Independent presidential candidate Rocky De La Fuente is challenging Georgia procedures for checking petition signatures. He submitted 14,500 signatures earlier this year to meet a requirement of 7,500, and the state said only 20% of his signatures are valid. De La Fuente sued in state court over the petition-checking procedures. The Secretary of State has no guidelines for the counties on how to determine if a signature is valid. Each county checks the signatures from its own county without any guidelines. Some counties disqualify the signatures of inactive voters and others do not. Some counties attempt to identify a signature with poor handwriting using the signer’s birthday and/or address, and others don’t.

UPDATE: Here is Rocky’s brief in the Georgia Supreme Court. And here is the state’s brief.
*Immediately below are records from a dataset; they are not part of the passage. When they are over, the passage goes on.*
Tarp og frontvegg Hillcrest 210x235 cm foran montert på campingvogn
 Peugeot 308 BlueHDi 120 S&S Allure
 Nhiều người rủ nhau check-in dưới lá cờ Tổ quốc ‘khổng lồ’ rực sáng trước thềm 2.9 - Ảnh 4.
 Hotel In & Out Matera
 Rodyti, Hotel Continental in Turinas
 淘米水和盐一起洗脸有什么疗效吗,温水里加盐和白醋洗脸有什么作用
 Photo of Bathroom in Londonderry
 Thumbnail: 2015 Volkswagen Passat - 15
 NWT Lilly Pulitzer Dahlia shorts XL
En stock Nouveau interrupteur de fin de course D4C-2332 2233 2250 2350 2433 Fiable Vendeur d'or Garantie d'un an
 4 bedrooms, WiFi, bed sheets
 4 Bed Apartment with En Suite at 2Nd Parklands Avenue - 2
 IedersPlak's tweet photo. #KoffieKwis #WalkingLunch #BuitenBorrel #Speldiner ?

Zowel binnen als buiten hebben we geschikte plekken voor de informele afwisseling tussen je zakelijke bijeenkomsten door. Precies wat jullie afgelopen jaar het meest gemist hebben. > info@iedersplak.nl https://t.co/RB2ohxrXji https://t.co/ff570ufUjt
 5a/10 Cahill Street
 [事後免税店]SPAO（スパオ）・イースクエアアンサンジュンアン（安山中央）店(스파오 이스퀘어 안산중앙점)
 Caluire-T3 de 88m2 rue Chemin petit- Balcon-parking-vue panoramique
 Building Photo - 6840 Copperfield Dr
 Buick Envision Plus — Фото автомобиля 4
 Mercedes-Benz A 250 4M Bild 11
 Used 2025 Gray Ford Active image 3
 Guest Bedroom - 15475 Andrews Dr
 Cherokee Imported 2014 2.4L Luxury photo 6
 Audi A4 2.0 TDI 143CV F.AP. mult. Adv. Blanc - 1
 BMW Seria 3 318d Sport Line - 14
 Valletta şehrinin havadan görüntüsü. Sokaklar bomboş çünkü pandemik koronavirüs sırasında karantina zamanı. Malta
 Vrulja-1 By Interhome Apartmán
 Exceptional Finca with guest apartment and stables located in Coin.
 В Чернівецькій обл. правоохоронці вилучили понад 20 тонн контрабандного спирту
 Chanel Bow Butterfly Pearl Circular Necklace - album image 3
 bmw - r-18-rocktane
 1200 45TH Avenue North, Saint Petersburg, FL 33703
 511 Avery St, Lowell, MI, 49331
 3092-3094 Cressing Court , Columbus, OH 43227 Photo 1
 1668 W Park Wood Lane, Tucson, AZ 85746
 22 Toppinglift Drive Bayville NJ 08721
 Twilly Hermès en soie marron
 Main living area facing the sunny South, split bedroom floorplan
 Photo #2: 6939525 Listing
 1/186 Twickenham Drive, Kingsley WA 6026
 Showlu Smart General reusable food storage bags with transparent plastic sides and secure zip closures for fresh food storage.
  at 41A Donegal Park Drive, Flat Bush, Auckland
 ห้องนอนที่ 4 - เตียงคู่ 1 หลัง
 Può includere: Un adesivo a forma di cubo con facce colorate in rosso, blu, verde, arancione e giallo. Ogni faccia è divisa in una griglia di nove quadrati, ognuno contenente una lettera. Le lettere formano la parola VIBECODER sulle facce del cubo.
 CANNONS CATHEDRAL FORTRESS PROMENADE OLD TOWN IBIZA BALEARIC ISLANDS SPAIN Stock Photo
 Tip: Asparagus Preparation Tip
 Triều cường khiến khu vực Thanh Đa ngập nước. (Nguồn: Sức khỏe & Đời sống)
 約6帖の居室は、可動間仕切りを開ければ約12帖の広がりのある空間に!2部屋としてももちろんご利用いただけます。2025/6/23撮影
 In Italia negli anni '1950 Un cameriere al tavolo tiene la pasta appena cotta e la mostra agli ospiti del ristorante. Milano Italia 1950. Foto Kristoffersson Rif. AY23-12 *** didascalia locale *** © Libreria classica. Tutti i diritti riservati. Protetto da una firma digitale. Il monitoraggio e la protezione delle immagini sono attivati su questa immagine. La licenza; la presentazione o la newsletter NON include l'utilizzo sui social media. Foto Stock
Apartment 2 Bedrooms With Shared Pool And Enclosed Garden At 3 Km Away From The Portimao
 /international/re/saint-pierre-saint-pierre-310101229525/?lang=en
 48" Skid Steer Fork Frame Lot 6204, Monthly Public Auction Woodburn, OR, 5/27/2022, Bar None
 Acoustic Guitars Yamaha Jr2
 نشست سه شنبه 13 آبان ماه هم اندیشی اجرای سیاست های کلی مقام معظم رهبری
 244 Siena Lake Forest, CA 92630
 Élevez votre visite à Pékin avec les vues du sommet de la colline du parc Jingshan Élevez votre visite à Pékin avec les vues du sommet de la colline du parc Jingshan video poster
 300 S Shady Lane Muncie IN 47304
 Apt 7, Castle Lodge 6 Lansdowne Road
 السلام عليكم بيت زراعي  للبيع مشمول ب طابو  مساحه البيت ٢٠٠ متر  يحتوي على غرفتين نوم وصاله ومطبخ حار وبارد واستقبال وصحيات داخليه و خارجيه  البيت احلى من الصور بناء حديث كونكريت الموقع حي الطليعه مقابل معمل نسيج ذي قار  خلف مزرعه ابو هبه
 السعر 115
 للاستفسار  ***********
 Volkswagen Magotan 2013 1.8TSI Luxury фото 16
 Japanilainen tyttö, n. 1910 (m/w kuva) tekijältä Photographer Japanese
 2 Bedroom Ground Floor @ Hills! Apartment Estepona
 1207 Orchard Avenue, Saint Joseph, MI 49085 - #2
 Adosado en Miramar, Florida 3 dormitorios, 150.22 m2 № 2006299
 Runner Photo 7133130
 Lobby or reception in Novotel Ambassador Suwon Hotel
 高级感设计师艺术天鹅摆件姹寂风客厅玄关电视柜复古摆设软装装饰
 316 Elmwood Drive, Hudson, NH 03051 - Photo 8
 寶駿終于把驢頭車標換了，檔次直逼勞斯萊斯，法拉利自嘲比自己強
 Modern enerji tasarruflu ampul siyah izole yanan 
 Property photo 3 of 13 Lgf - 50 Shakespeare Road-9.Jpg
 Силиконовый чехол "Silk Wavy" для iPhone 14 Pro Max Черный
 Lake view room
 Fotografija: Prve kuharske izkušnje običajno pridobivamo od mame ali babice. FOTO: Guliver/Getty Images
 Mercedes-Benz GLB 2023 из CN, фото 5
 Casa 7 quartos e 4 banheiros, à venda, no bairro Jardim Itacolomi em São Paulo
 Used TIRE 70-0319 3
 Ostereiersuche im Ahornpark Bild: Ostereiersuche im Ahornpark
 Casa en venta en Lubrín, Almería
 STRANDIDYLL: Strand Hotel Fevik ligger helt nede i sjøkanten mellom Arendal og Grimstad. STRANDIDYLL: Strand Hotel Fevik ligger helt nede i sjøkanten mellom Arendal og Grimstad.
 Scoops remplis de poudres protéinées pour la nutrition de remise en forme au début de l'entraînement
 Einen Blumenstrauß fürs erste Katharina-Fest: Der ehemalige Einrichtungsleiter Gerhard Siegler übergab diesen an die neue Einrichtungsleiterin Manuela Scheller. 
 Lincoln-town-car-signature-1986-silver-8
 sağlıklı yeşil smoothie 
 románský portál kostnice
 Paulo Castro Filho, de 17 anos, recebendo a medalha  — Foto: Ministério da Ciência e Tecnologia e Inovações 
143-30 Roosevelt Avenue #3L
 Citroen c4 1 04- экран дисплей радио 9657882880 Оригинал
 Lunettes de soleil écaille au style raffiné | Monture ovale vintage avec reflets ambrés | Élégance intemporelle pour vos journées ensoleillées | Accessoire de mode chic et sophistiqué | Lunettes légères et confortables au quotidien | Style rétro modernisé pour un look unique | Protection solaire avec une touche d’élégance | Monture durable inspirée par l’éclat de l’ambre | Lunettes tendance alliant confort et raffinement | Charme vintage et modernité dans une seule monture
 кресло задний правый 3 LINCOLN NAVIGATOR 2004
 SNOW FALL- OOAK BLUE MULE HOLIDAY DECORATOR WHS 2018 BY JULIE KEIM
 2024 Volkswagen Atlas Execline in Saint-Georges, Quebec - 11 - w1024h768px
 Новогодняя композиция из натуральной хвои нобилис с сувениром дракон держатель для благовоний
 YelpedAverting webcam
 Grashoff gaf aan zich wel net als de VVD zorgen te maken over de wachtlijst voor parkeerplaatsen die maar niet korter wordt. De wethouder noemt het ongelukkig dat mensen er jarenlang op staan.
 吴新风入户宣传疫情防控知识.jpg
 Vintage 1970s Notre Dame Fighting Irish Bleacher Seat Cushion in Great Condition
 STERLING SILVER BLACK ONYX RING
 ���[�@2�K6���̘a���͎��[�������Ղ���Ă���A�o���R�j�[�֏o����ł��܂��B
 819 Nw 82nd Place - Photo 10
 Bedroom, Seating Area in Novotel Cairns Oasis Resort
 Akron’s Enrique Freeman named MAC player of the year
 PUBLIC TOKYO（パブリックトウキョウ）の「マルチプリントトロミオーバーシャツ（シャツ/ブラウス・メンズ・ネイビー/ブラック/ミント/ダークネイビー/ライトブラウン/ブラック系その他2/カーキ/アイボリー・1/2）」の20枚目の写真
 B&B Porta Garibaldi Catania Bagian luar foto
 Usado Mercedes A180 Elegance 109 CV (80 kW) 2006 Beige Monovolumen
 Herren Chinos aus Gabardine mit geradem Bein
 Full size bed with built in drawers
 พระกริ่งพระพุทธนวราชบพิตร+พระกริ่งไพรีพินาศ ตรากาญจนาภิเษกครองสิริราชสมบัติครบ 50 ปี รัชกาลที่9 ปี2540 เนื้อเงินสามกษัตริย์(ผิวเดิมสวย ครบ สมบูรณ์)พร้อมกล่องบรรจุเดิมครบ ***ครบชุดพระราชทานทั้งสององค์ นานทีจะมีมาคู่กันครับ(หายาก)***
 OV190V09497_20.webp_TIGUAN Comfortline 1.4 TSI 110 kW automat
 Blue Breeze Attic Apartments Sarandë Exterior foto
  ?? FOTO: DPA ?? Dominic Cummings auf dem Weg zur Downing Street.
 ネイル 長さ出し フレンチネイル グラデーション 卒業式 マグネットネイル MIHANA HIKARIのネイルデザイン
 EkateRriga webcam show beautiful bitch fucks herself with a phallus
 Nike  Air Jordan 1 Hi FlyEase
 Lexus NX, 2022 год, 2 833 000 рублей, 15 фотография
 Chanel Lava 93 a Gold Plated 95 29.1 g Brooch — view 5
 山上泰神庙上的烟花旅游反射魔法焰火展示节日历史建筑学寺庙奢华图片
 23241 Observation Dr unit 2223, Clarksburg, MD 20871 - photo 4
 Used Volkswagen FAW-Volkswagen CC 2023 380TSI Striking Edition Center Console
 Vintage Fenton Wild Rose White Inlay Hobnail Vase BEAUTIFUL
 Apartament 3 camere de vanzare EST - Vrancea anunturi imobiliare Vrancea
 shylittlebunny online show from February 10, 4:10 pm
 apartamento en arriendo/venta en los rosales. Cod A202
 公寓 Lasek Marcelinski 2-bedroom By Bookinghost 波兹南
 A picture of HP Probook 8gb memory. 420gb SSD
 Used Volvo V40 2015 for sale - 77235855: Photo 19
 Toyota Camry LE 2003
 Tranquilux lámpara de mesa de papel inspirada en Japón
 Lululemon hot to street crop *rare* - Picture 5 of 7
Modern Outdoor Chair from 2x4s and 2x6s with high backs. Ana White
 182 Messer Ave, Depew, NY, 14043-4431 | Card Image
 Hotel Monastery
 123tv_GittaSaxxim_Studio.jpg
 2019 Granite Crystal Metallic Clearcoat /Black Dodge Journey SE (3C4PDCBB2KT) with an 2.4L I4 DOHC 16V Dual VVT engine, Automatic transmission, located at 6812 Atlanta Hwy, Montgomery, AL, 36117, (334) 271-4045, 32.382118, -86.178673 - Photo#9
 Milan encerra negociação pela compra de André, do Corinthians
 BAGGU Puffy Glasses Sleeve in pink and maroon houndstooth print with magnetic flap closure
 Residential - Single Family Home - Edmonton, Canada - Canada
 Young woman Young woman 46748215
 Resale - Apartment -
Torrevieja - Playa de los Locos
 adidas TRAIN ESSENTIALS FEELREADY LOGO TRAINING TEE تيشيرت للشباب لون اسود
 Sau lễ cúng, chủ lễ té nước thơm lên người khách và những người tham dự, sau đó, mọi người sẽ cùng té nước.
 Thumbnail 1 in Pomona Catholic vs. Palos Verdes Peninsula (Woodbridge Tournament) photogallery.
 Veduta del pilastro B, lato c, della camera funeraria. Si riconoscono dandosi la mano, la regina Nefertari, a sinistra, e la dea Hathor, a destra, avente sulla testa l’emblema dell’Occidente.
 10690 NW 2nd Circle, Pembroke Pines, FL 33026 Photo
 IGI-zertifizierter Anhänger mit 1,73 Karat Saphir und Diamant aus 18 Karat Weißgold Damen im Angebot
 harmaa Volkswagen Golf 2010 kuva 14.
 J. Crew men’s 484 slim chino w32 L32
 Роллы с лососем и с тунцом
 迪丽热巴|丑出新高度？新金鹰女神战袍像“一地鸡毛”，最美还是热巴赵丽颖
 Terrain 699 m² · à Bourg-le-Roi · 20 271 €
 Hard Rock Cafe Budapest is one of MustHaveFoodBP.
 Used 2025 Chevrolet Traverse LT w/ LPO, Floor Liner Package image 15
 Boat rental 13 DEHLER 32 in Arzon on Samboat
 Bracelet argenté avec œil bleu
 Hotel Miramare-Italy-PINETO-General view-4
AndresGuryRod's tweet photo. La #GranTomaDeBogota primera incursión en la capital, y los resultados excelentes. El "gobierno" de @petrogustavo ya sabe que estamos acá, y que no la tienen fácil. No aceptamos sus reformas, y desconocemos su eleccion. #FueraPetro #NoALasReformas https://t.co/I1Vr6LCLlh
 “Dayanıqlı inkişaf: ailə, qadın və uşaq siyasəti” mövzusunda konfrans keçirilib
A lower state court upheld current practice. The Georgia Supreme Court will hear De La Fuente’s appeal. In the State Supreme Court, the case is De La Fuente v Kemp, S17A-0424. Briefs are being filed this week. It is too late for De La Fuente to get on the Georgia ballot, but the case is important for future petitioning in Georgia.


Comments

Georgia Supreme Court Will Decide if Georgia Petition-Checking Procedures Violate Due Process — 1 Comment

  1. See 2000 Bush v. Gore — the FL MORONS had NO definition of a LEGAL vote – i.e. using the old now INFAMOUS JUNK punch card ballots.

    Thus Deja Vu all over again — this time with GA MORONS — with NO definition of LEGAL signatures stuff.

    Will Heaven continue to help the USA ??? — or let it R-O-T to death and destruction like all sorts of prior rotted regimes in world history.